We have presented a new, scalable architecture for content-aware request distribution in Web server clusters. Content-aware distribution improves server performance by allowing partitioned secondary storage, specialized server nodes, and request distribution strategies that optimize for locality.
Our architecture employs a level-4 switch that acts as the central point of contact for the server on the Internet, and distributes the incoming requests to a number of back-ends. In particular, the switch does not perform any content-aware distribution. This function is performed by each of the back-ends, who may forward the incoming request to another back-end based on the requested content.

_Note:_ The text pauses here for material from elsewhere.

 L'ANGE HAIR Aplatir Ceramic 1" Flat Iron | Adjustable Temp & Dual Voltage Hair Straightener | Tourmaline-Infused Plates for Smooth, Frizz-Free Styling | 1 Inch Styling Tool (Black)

In order to make their request distribution decisions, the back-ends access a dispatcher node that implements the request distribution policy.
In terms of scalability, the proposed architecture compares favorably with existing approaches, where a front-end node performs content-aware request distribution. In our architecture, the expensive operations of TCP connection establishment and handoff are distributed over all back-end nodes, rather than being centralized in the front-end node. Only a minimal additional latency penalty is paid for much improved scalability. Furthermore, the dispatcher module is so fast that centralizing it on a single 300MHz PIII machine scales to throughput rates of up to 50,000 conns/sec.
We have implemented this new architecture, and we demonstrate its scalability by comparing it to a system that performs content-aware distribution in the front-end, both under synthetic and trace-driven workloads.